A local museum that pays tribute to the men and women who serve our country is in need of help to stay open. Community members heard its call and came together to hold a fundraiser to help the museum keep its doors open. Little by little, the museum is receiving the assistance.
When Josh Mavrogeorge, an 11-year military veteran, heard the Southwest Florida Military Museum & Library in Cape Coral was in need of repairs, he decided to step in and take action, as he says serving the community is part of who he is.
“That’s part of what made me a military veteran in the first place,” Mavrogeorge. “When my brother and sisters are in need, we band together and help each other out.”
Mavrogeorge is an account manager at the Scotlynn USA location in south Fort Myers, a multinational transportation and agricultural group, and he is also part of the company’s Military Resource Management Group (MERG), a group for veterans at Scotlynn.
Mavrogeorge and his coworkers organized the event, “Pints for Patriots,” at Palm City Brewing in south Fort Myers to raise money for the museum Saturday, where community members had the chance to bond over beer and raise money for the museum.
“We are a community-based organization,” said Nicholas Napolitano, the museum director and treasurer. “And we’ve brought it as far as we can.
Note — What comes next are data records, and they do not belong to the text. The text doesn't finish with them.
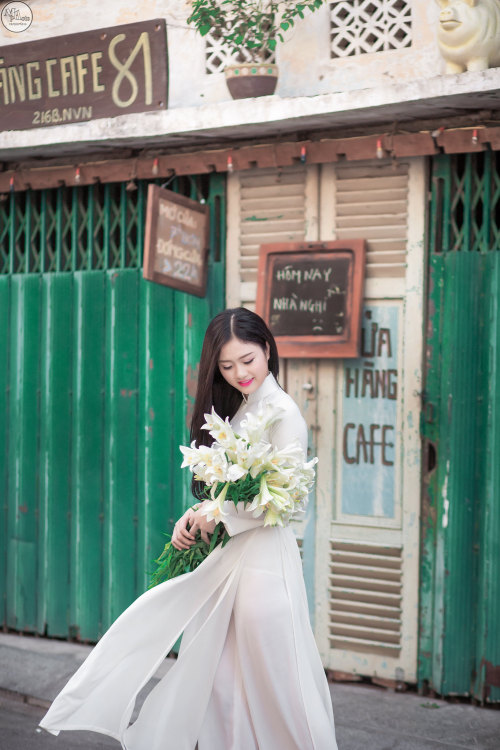  Vietnamese long dress (Ao dai) bởi Beauty Collection Qua Flickr: Photo backup https://flic.kr/s/aHs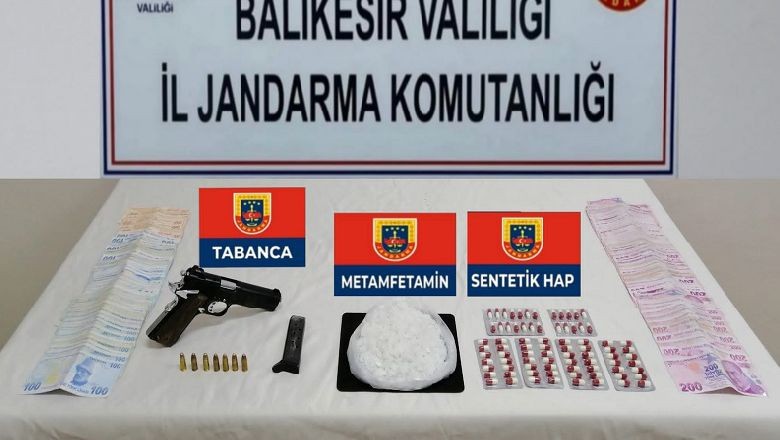 Balıkesir’de uyuşturucu operasyonu. Balıkesir İl Jandarma Komutanlığı, Altıeylül ilçesinde uyuşturucu ticareti yaptığı düşünülen iki şüpheliyi tespit etti.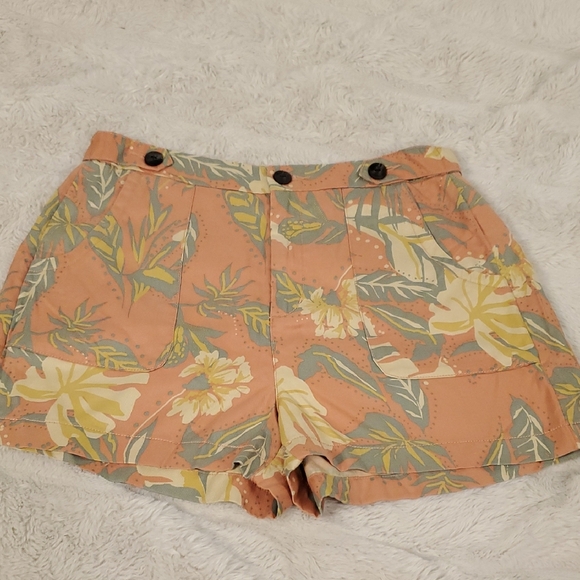 Cynthia Rowley Pants - Cynthia Rowley Tropical Floral Retro Print Lyocell Shorts 10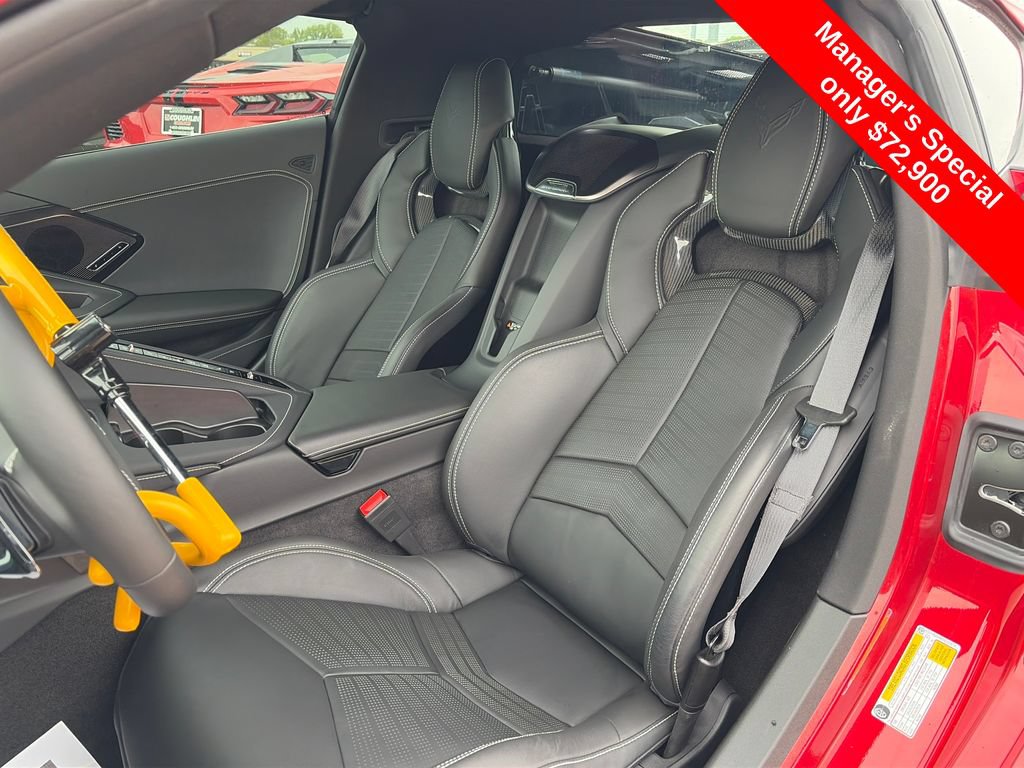 Used 2025 Chevrolet Corvette Stingray Preferred Cpe w/ Stealth Interior Trim Package RWD image 21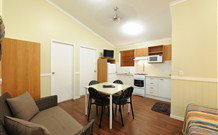 Andrea's Houses - Frangipani House - Hervey Bay Accommodation 2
Now, we need the community to step in and give us a hand.”
Napolitano said the museum’s air conditioning unit was fixed temporarily, but it and other parts of the museum need to be replaced.
“It’s an old building,” Napolitano said. “And what we’re doing is like a Band-Aid.”
Permanent fixes come at a high cost — close to $85,000 — to replace the museum’s AC unit and lights.
“We’ve approximately raised about maybe $10,000,” Napolitano said.
But the museum still has more costs to account for to keep precious artifacts protected.
“Uniforms and things like that,”” Napolitano said. “Some of them are irreplaceable.”
Mavrogeorge hopes the weekend event gives more people perspective for the museum and the actions of men and women it hopes to preserve for years to come in Southwest Florida.
“I hope this brings the community closer to the museum,” Mavrogeorge said. “And the way we can all help the museum and preserve the artifacts and the history of what my generation and generations previous to mine have done for our country.”